[Start of Attachment]

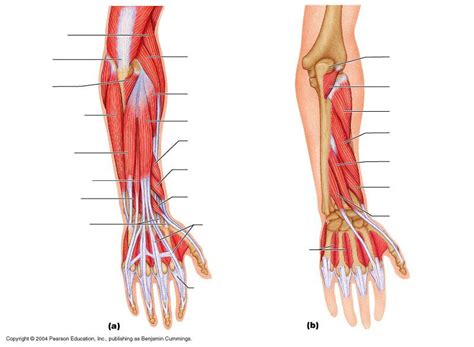 Muscles allow a person to move. muscle blank drawing | Muscle diagram, Forearm muscles, Muscle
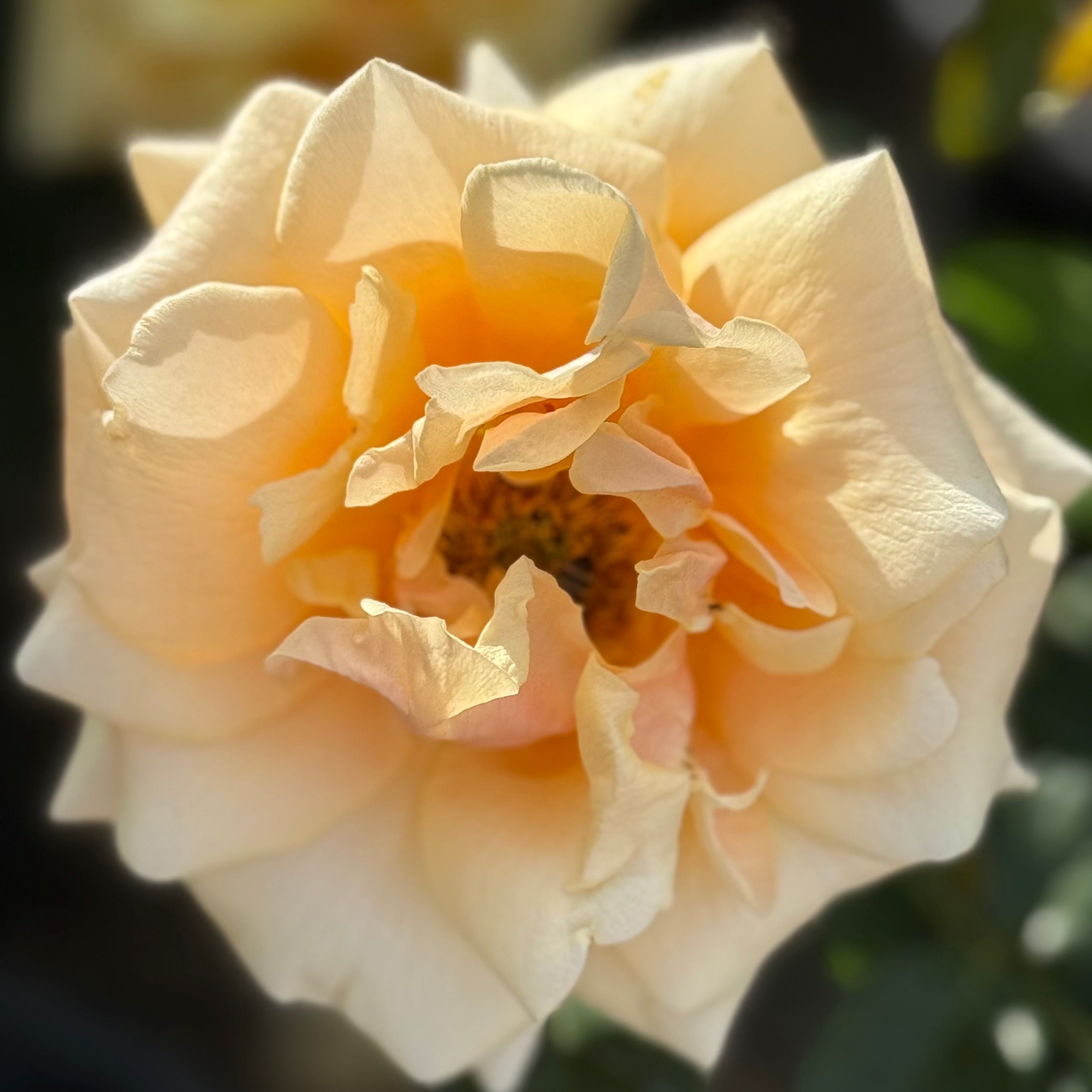 St Tropez™ Potted Rose Bush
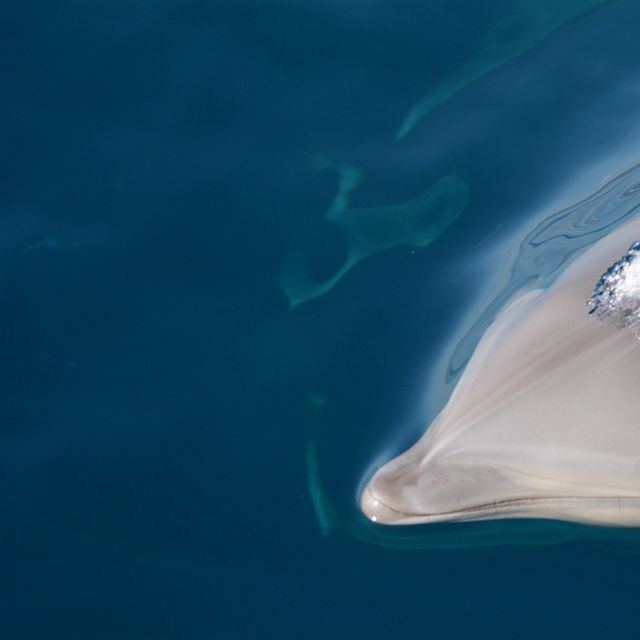 Cetacea dalam famili Delphinidae yang ditemukan di perairan Kepulauan Laut Sawu sampai laut dalam di Samudera Pasifik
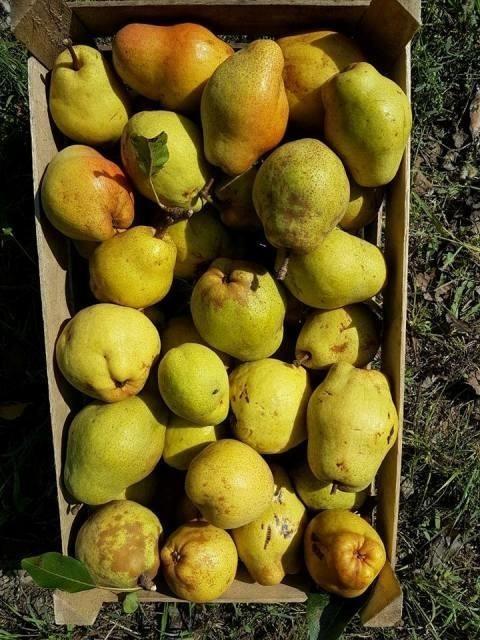 Kruške-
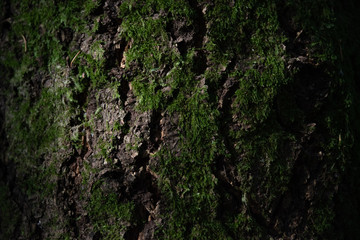 Dark tree  bark in forest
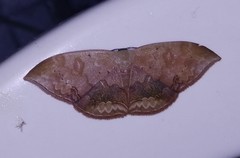 Lissoblemma lunuliferata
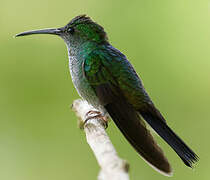 Blue-chested Hummingbird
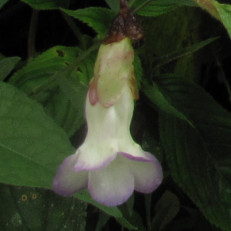 Bignionaceae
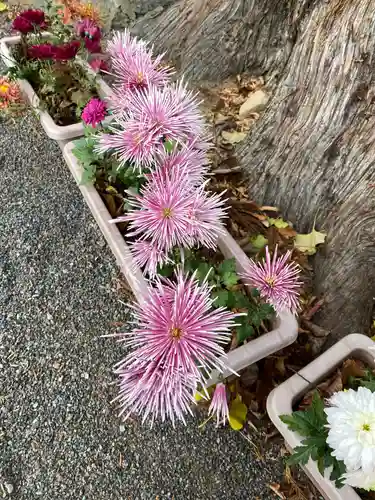 高司神社〜むすびの神の鎮まる社〜の自然
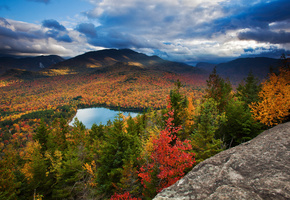 green, blue, wood, red, wide, Tree, sky, sea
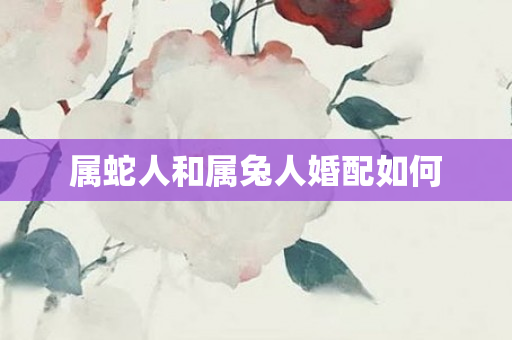 属蛇人和属兔人婚配如何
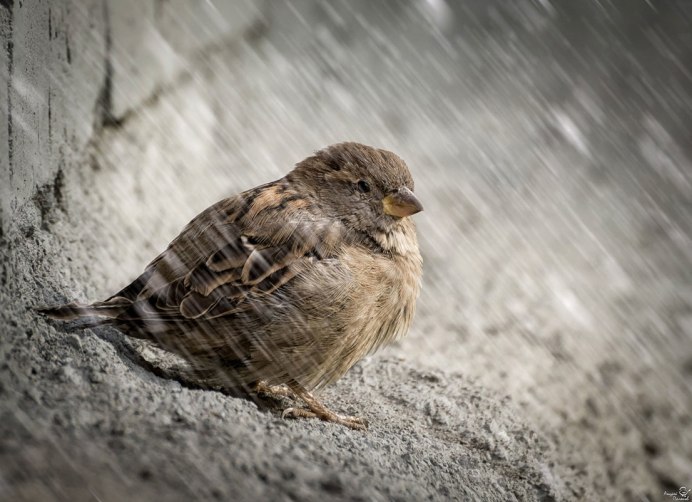 Неугомонный Воробей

[End of Attachment]

• _PROMPT_
Would you restate, word for word, the lines from the one holding "Blue-chested Hummingbird" through the end of the material above? Omit the pictures.

• _SOLUTION FOR THIS TASK_
 Blue-chested Hummingbird
 Bignionaceae
 高司神社〜むすびの神の鎮まる社〜の自然
 green, blue, wood, red, wide, Tree, sky, sea
 属蛇人和属兔人婚配如何
 Неугомонный Воробей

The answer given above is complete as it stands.